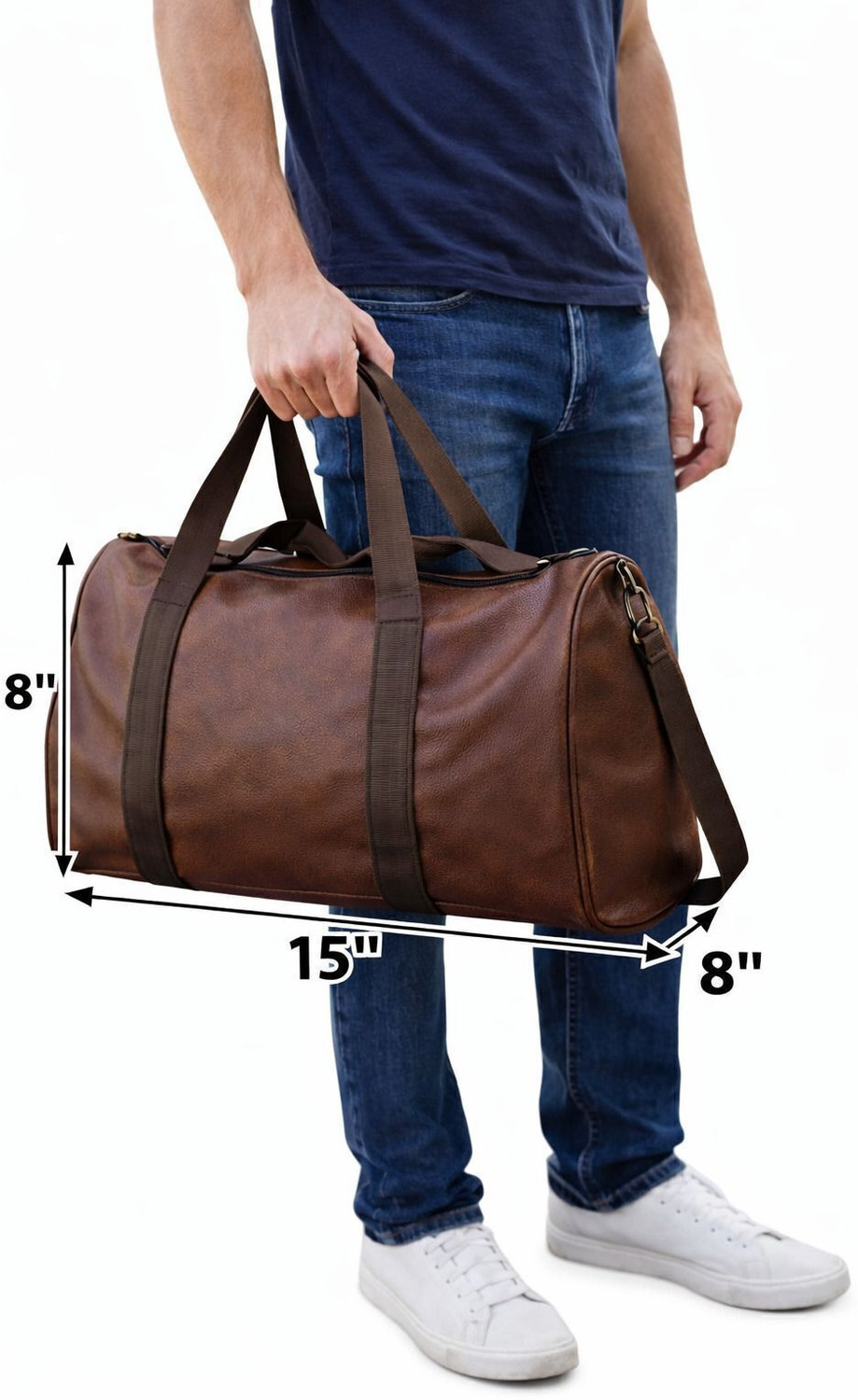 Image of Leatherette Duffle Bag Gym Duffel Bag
--
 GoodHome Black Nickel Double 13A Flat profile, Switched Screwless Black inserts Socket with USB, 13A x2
---
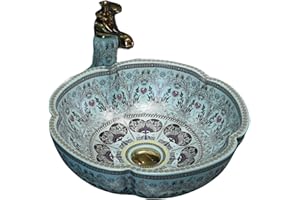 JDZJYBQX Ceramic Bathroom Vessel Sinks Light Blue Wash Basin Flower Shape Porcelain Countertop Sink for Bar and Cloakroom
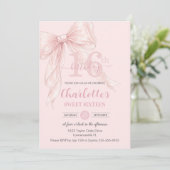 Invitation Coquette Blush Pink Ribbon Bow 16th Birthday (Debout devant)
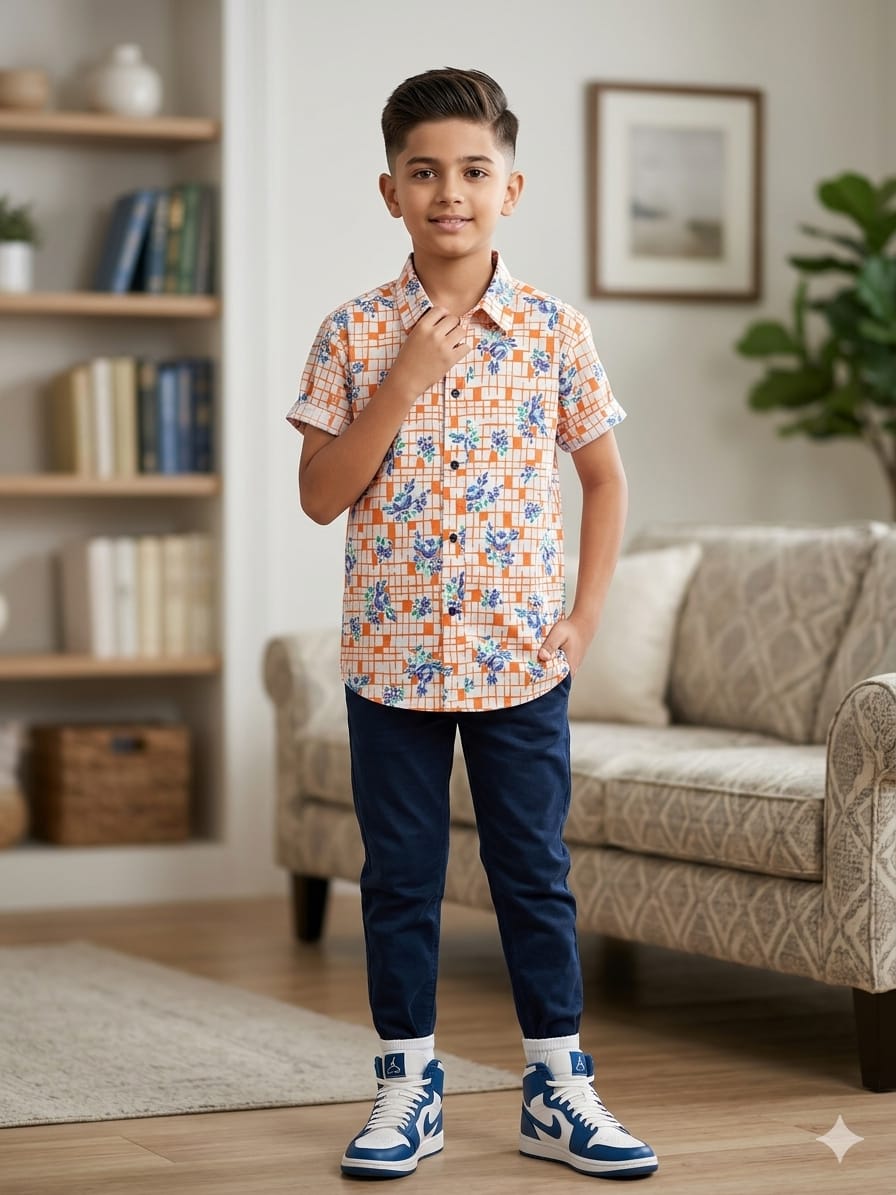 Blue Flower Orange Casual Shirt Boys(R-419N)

# [TASK TO CARRY OUT]
Would you output the lines above from the line holding "JDZJYBQX Ceramic Bathroom" up to and including the line holding "Blue Flower Orange Casual Shirt Boys(R-419N)", exactly and only those, with no pictures?

# [WRITTEN SOLUTION]
 JDZJYBQX Ceramic Bathroom Vessel Sinks Light Blue Wash Basin Flower Shape Porcelain Countertop Sink for Bar and Cloakroom
 Invitation Coquette Blush Pink Ribbon Bow 16th Birthday (Debout devant)
 Blue Flower Orange Casual Shirt Boys(R-419N)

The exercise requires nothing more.